Every line below is to be quoted exactly, with nothing added or dropped.
RECORD EXCERPTS below:
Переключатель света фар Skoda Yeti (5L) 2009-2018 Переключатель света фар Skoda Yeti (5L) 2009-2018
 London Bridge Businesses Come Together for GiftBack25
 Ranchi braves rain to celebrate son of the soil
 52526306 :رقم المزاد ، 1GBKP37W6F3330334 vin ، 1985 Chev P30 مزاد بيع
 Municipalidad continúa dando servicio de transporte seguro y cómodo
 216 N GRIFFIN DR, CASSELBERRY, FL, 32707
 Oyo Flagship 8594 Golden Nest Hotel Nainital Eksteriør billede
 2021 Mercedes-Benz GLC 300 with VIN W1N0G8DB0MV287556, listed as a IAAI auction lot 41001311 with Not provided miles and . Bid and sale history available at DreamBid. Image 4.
End of RECORD EXCERPTS.
PROBLEM SOLUTION ▸
Переключатель света фар Skoda Yeti (5L) 2009-2018 Переключатель света фар Skoda Yeti (5L) 2009-2018
 London Bridge Businesses Come Together for GiftBack25
 Ranchi braves rain to celebrate son of the soil
 52526306 :رقم المزاد ، 1GBKP37W6F3330334 vin ، 1985 Chev P30 مزاد بيع
 Municipalidad continúa dando servicio de transporte seguro y cómodo
 216 N GRIFFIN DR, CASSELBERRY, FL, 32707
 Oyo Flagship 8594 Golden Nest Hotel Nainital Eksteriør billede
 2021 Mercedes-Benz GLC 300 with VIN W1N0G8DB0MV287556, listed as a IAAI auction lot 41001311 with Not provided miles and . Bid and sale history available at DreamBid. Image 4.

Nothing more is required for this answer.